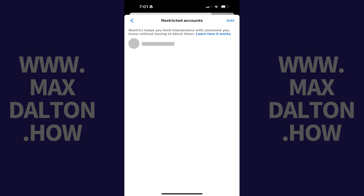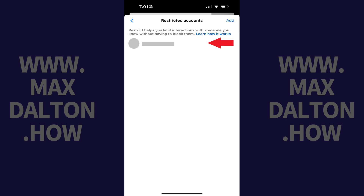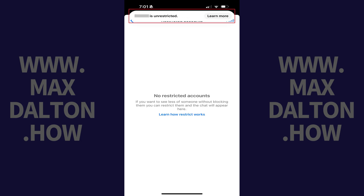Step 5: Find the person you want to unrestrict, swipe slowly from right to left across their account to open a menu, and then tap Unrestrict in this menu. That person will be unrestricted immediately.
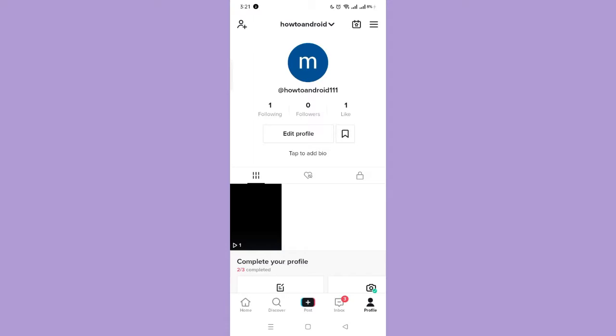So first, make sure that your TikTok application is updated. And if it's not yet updated, then go to your Play Store and update it.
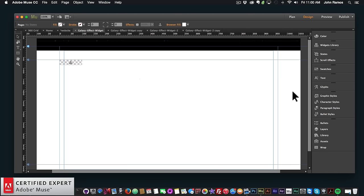Hey, what's up Musers, this is John at Muse4U, here to help you build awesome websites without code. In this video tutorial I'll be showcasing the new Galaxy Effect widget found at muse4u shop.com. With this effect you can add an interactive full-screen background to your Adobe Muse website that rotates as you hover your mouse over it.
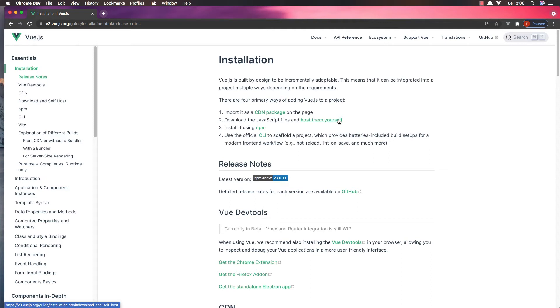Hello my friends, welcome again. I'm going to start a new series for Vue 3. I'm going to show you all the basics that Vue.js has.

The task >> For this exercise, restate the material exactly and skip every picture.

Answer to this exercise >>
Step 5: Find the person you want to unrestrict, swipe slowly from right to left across their account to open a menu, and then tap Unrestrict in this menu. That person will be unrestricted immediately.
So first, make sure that your TikTok application is updated. And if it's not yet updated, then go to your Play Store and update it.
Hey, what's up Musers, this is John at Muse4U, here to help you build awesome websites without code. In this video tutorial I'll be showcasing the new Galaxy Effect widget found at muse4u shop.com. With this effect you can add an interactive full-screen background to your Adobe Muse website that rotates as you hover your mouse over it.
Hello my friends, welcome again. I'm going to start a new series for Vue 3. I'm going to show you all the basics that Vue.js has.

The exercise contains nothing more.